## Activity
Transcribe the records below exactly as written, from the opening line through the line that contains "NBA2KOL3月新版本乔治上篮包动作技".

## Data under study
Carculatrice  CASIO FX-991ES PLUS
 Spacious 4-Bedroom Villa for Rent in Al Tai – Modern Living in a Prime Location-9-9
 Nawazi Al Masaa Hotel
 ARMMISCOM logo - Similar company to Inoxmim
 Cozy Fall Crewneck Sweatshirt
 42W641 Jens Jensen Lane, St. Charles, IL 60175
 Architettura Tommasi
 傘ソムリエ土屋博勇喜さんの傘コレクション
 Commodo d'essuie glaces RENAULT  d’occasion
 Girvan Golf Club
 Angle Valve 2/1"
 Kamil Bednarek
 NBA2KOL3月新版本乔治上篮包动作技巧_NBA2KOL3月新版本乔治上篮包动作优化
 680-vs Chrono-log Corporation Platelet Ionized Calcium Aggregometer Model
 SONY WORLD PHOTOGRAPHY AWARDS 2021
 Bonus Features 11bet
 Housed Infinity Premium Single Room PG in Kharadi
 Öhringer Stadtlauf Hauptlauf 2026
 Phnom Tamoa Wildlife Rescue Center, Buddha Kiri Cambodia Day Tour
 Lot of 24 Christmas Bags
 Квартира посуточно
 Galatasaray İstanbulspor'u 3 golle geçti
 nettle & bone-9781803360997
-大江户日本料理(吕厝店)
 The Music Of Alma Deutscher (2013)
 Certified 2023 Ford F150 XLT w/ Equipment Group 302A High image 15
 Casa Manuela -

## Result of the task
Carculatrice  CASIO FX-991ES PLUS
 Spacious 4-Bedroom Villa for Rent in Al Tai – Modern Living in a Prime Location-9-9
 Nawazi Al Masaa Hotel
 ARMMISCOM logo - Similar company to Inoxmim
 Cozy Fall Crewneck Sweatshirt
 42W641 Jens Jensen Lane, St. Charles, IL 60175
 Architettura Tommasi
 傘ソムリエ土屋博勇喜さんの傘コレクション
 Commodo d'essuie glaces RENAULT  d’occasion
 Girvan Golf Club
 Angle Valve 2/1"
 Kamil Bednarek
 NBA2KOL3月新版本乔治上篮包动作技巧_NBA2KOL3月新版本乔治上篮包动作优化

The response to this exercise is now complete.